- From: Christoph Päper <christoph.paeper@crissov.de>
- Date: Fri, 30 Sep 2011 12:28:21 +0200
- To: W3C Style <www-style@w3.org>
Daniel Glazman:
> Le 30/09/11 10:57, Christoph Päper a écrit :
>> 
>> When there is a small, fixed set of possible arguments one should consider not using arguments at all. That means, ‘:ltr’ etc. seem the better choice.
> 
> Because the text direction is going to remain limited to horizontal
> in the future? The set of directions is not small…

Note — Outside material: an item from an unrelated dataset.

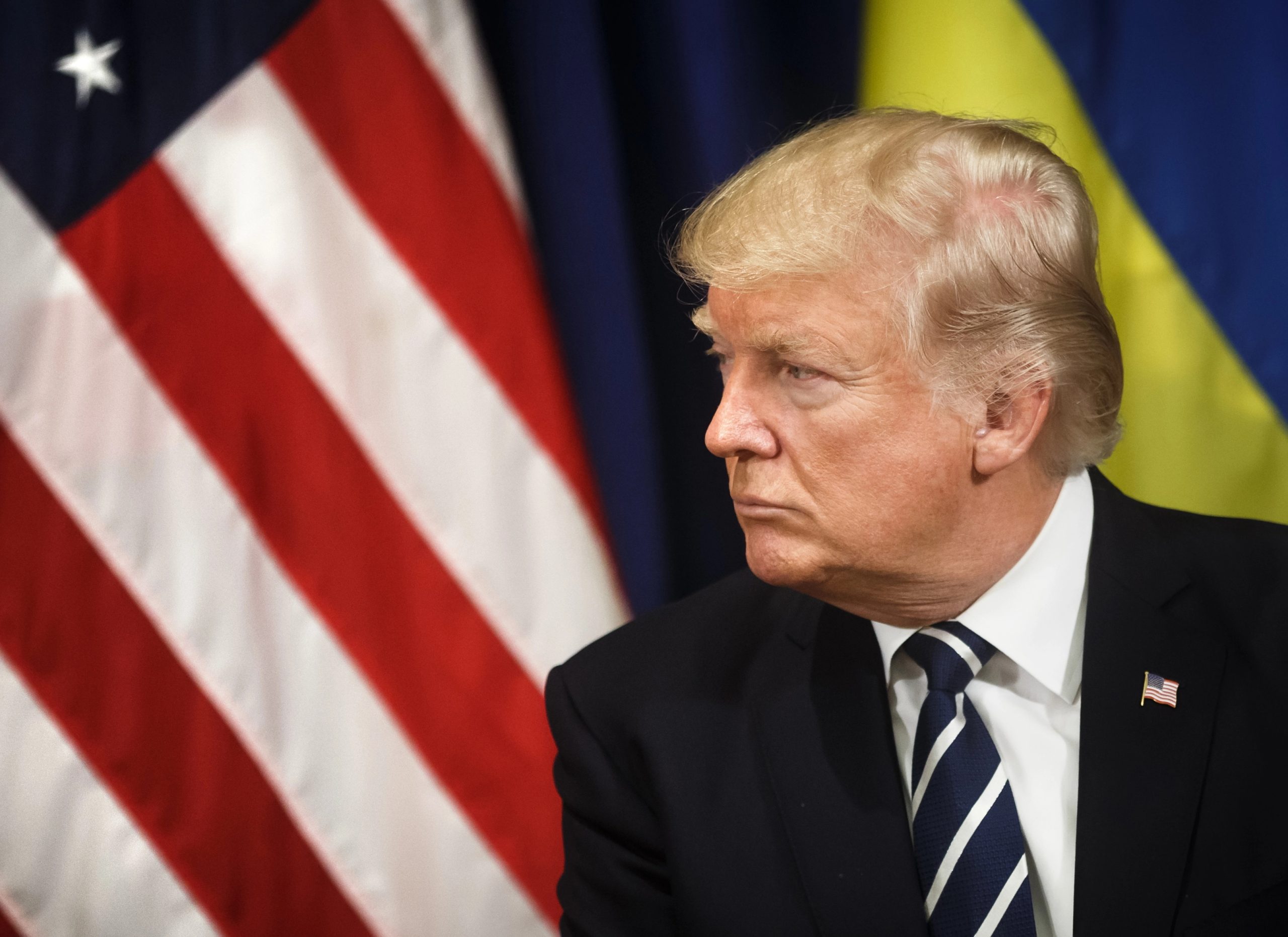 Trump Downplays China Election Meddling Claim by Citing U.S. Actions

It is not, it is. Anyhow, if the selector is supposed to be extensible in the future, a more appropriate design would be something like
  :direction(<line progression start>, <glyph progression start>)
⇒
  :direction(top, left)  {/* eurographic */}
  :direction(top, right) {/* semitographic */}
  :direction(right, top) {/* sinographic */}
  :direction(left, top)  {/* Mongolian */}
  …
or, to deal with boustrophedon,
  :direction(
    <line progression start>, 
    <glyph progression start in first/odd line>,
    <glyph progression start in second/even line>
  )
or something more complex to deal with (in-/outwards, [counter]clockwise) spiral text etc. or block progression, which usually is the same as line progression.